My initial post on Christmas in July wasn't my most comprehensive work, and so I have decided to circle back and try to actually contribute something to this study I created.

I have two things to say about this film:

1.
This Sturges comedy feels like Screwball, but doesn't hit the classic markers in an obvious way.  There are class struggles here, but the posh, heavily drinking, NYC society isn't present - which is kind of what I think of when I think of Screwball.  I'm learning there's more to Screwball, but I think I'm always going to note when the drunk East Coast elite are absent in a film considered to be part of the genre.

I have a feeling this is Screwball in disguise, similar to Hail the Conquering Hero.  I called that one "Screwball Victory Garden-Style," which I imagine could make Christmas in July a "Dry Screwball" (Yikes! That sounds unpleasant!)

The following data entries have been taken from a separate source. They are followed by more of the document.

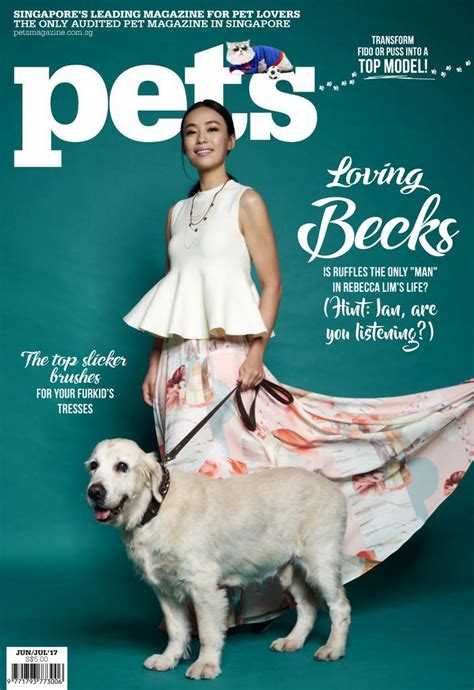 Pets Singapore June/July 2017 (Digital) | Pet magazine, Pets, Pet mom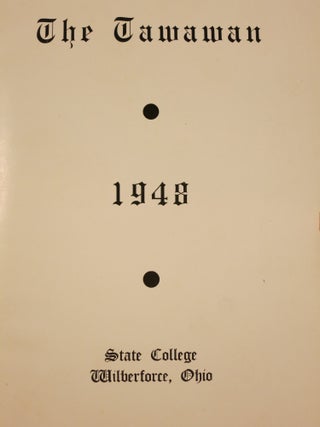 THE TAWAWAN [College Yearbooks].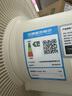 美的（Midea）【幸运草安睡风扇SE】直流变频轻音家用立式遥控电风扇柔风落地扇台式桌面大风量一级能效轻羽扇 实拍图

I don't think there's a single cocktail in this film, and cocktails normally figure large in Screwball.  The way folks today are always mooning about NYC being a character in their TV show or movie, cocktails could be considered a character in Screwball.  Not really, but you get the point - they're significant.

Off the top of my head, though, there is one other Sturges comedy that's a dry drunk, Sullivan's Travels.  I haven't watched that one for this blog yet, but I don't recall a lot of drinking, and I believe it hedged more in the direction of Capra (social conscience) and less the direction of Ernst Lubitsch or Leo McCarey (romance, fun, frivolity).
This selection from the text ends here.